Design and Construction of ECL

The overall configuration of the Belle calorimeter system, ECL, is shown in Fig. . ECL consists of the barrel section of 3.0 m in length with the inner radius of 1.25 m and the annular end-caps at $z$ = +2.0 m and $z$ = $-$1.0 m from the interaction point. The geometrical parameters of each section are given in Table .
Each crystal has a tower-like shape and is arranged so that it points almost to the interaction point. There is a small tilt angle of $\sim 1.3^o$ in the $\theta$ and $\phi$ directions in the barrel section to avoid photons escaping through the gap of the crystals. End-cap crystals are tilted by $\sim 1.5^o$ and $\sim 4^o$ in the $\theta$ direction in the forward and backward sections, respectively. The calorimeter covers the polar angle region of $17.0^o < \theta < 150.0^o$, corresponding to a total solid-angle coverage of 91 % of $4\pi$. Small gaps between the barrel and end-cap crystals provide a pathway for cables and room for supporting members of the inner detectors. The loss of solid angle associated with these gaps is approximately 3 % of the total acceptance. The entire system contains 8736 CsI($Tl$) counters and weighs 43 tons. The size of each CsI($Tl$) crystal is determined by the condition that approximately 80% of the total energy deposited by a photon injected at the center of the crystal is contained in that crystal. Crystals with smaller cross sections would have somewhat improved position resolution and two-photon separation but at the cost of an increased number of channels and poorer energy resolution. The latter is caused by the increase of gaps and inactive materials between crystals. The transverse dimensions of the crystals vary depending upon their polar angle positions; typical dimension of a crystal being 55 mm$\times$ 55 mm (front face) and 65 mm $\times$ 65 mm (rear face) for the barrel part. Dimensions of the end-cap crystals have a large variation. The dimensions of the front and rear surfaces vary from 44.5 mm to 70.8 mm and from 54 mm to 82 mm, respectively. The number of crystals having different dimensions is 39, 29, and 30 for the forward end-cap, barrel, and backward end-cap sections, respectively. The 30 cm length (16.2 $X_0$) is chosen to avoid deterioration of the energy resolution at high energies due to the fluctuations of shower leakages out the rear of the counter.
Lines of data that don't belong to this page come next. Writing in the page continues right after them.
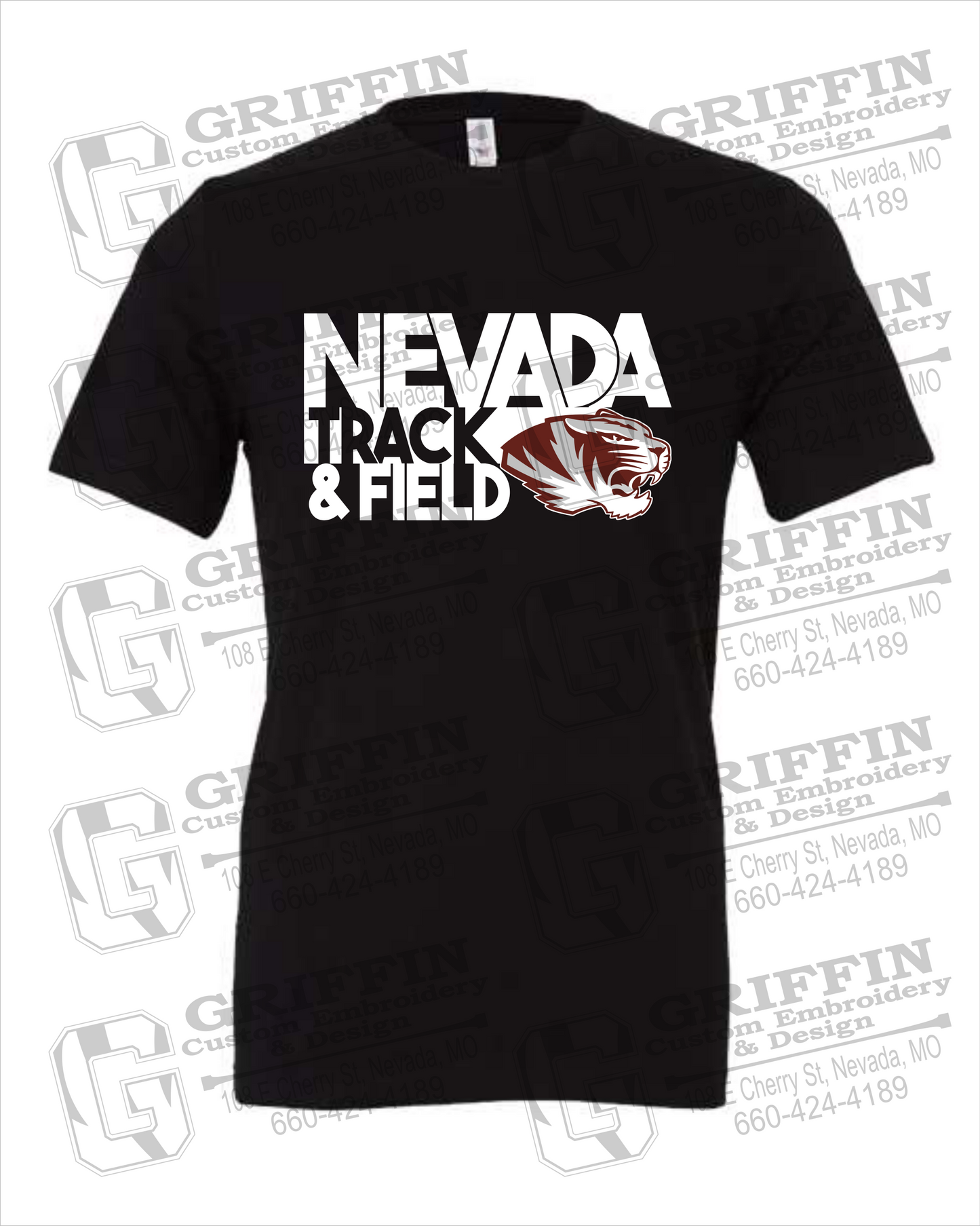 Cotton Short Sleeve T-Shirt - Track & Field - Nevada Tigers 24-Q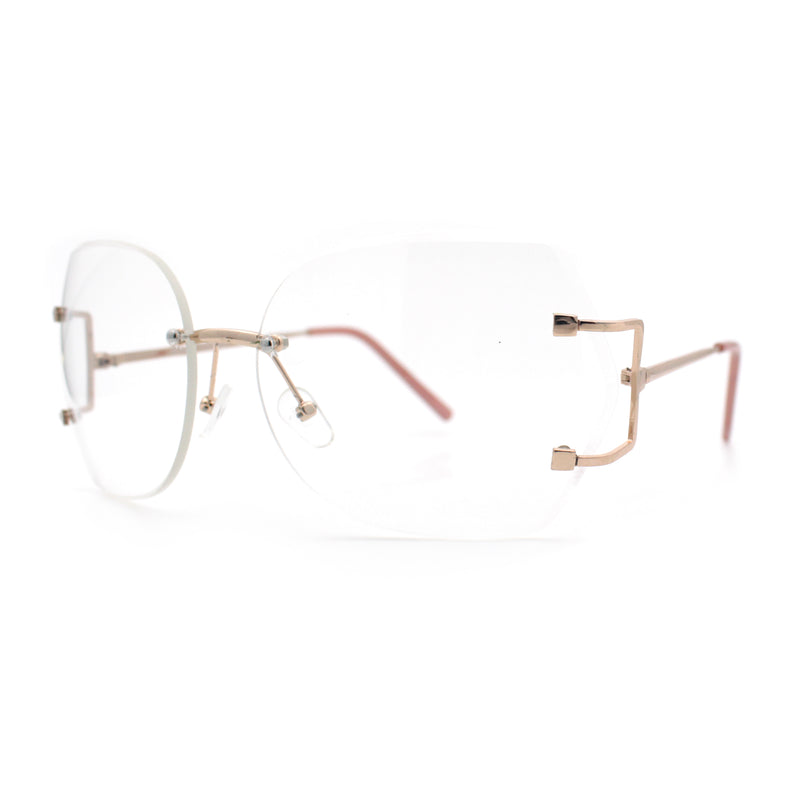 SA106 Gold Luxury Designer Rectangular Rimless Oversize Butterfly Clear Lens Eye Glasses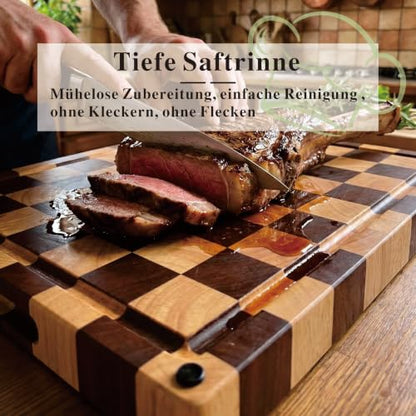 Checkered End Grain Cutting Board with Juice Groove & Handle | 17" x 12" x 1.2" Thick | Acacia & Rubber Wood | Reversible End Grain | Juice Groove | Meat, Bread & Vegetable Prep - color: Checkered Grooved Rectangular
A beam test result indicates that the energy resolution for 25 cm CsI($Tl$) counters is $\sim$2.5 % for electron energies above 1 GeV [59].
The energy resolution of this system at low energies is dominated by electronic noises and the fluctuations of lateral shower leakages. In order to accommodate increases in the lateral shower size for low-energy photons, more counters must be used in the summation for the energy calculation. This puts a premium on low electronic noise for each channel. We aim at around 200 keV incoherent thermal noise and less than 100 keV coherent pickup noise in the whole electronics chain.
The linearity and energy resolution of the calorimeter will deteriorate if there is significant nonuniformity in light collection efficiency in a crystal. This effect as well as the influences of calibration and inactive materials in front of the calorimeter have been quantified by means of a Monte Carlo simulation, the results of which are presented later.

Figure: Overall configuration of ECL.

Table: Geometrical parameters of ECL.

Item	$\theta$ coverage	$\theta$ seg.	$\phi$ seg.	No. of crystals
Forward end-cap	12.4$^o$ - 31.4$^o$	13	48 - 144	1152
Barrel	32.2$^o$ - 128.7$^o$	46	144	6624
Backward end-cap	130.7$^o$ - 155.1$^o$	10	64 - 144	960